INPUT RECORDS:
[Start of section]

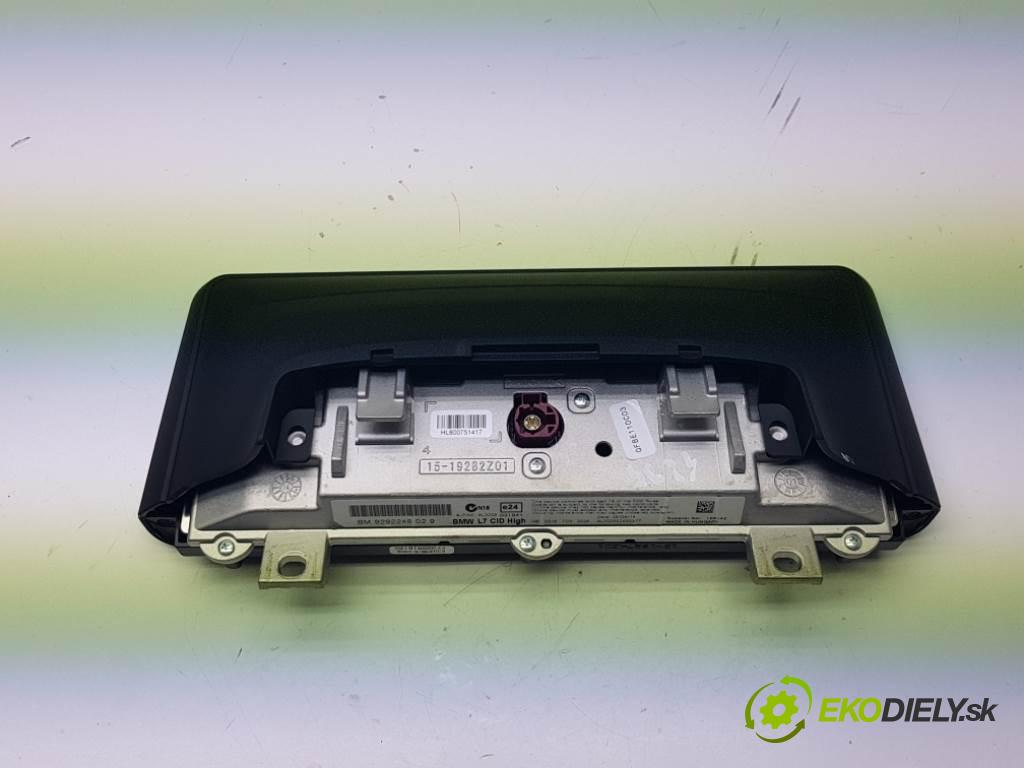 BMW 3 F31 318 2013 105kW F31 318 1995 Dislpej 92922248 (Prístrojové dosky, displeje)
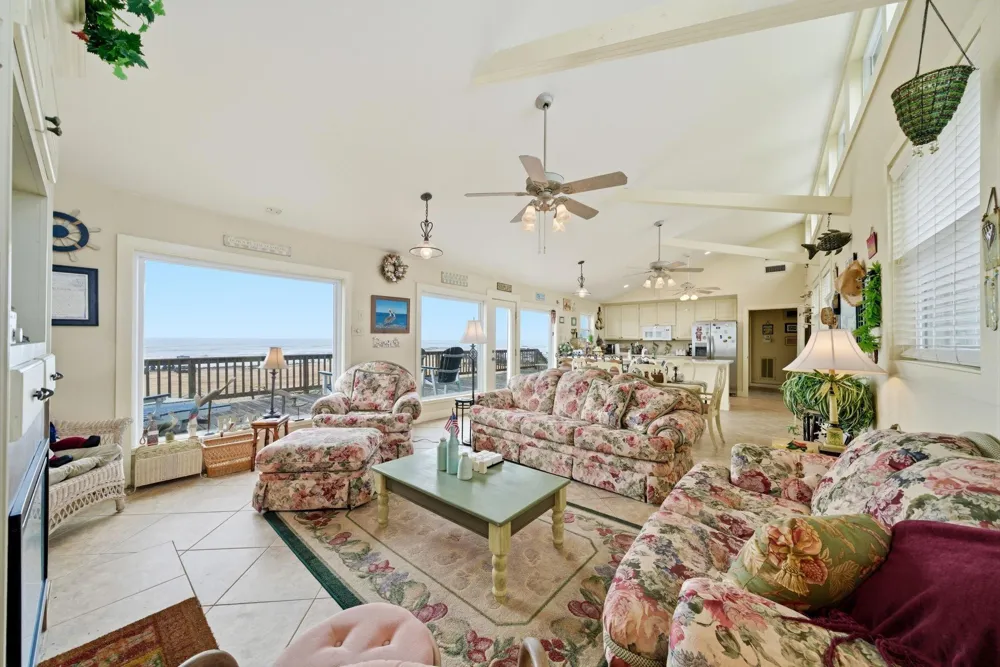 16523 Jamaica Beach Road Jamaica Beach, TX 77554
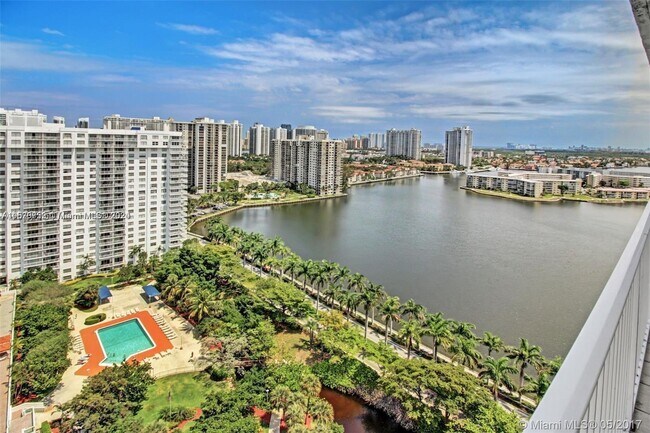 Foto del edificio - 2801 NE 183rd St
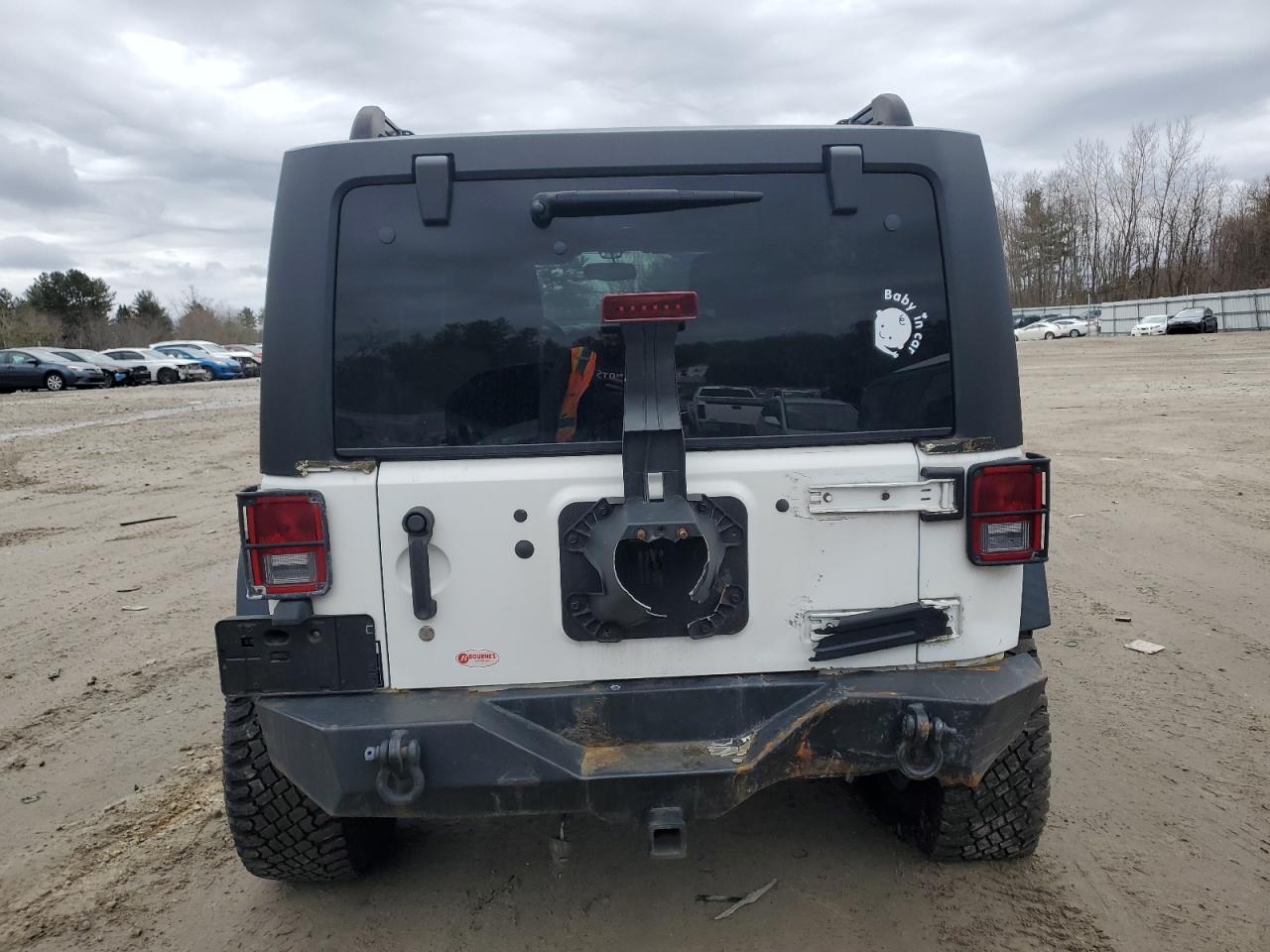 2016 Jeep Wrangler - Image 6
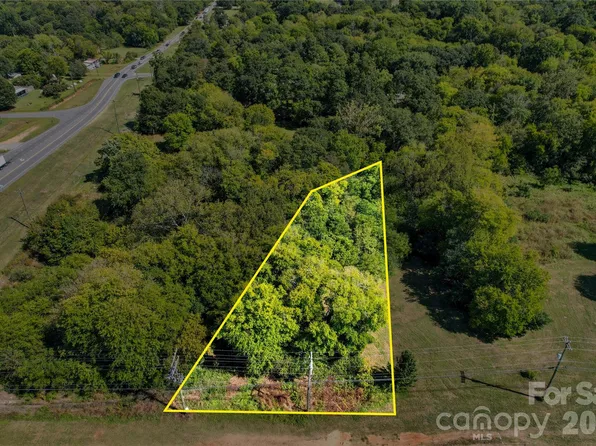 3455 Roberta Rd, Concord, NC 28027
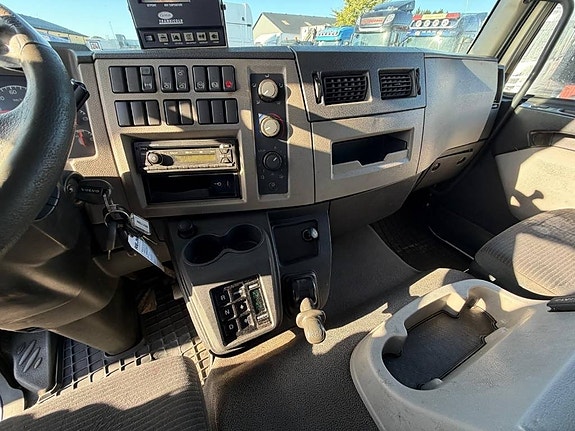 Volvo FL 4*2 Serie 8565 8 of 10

[End of section]

ABOUT THIS EXERCISE:
All of the lines above must be printed again exactly, and no picture may appear in the copy.

RESPONSE BELOW:
 BMW 3 F31 318 2013 105kW F31 318 1995 Dislpej 92922248 (Prístrojové dosky, displeje)
 16523 Jamaica Beach Road Jamaica Beach, TX 77554
 Foto del edificio - 2801 NE 183rd St
 2016 Jeep Wrangler - Image 6
 3455 Roberta Rd, Concord, NC 28027
 Volvo FL 4*2 Serie 8565 8 of 10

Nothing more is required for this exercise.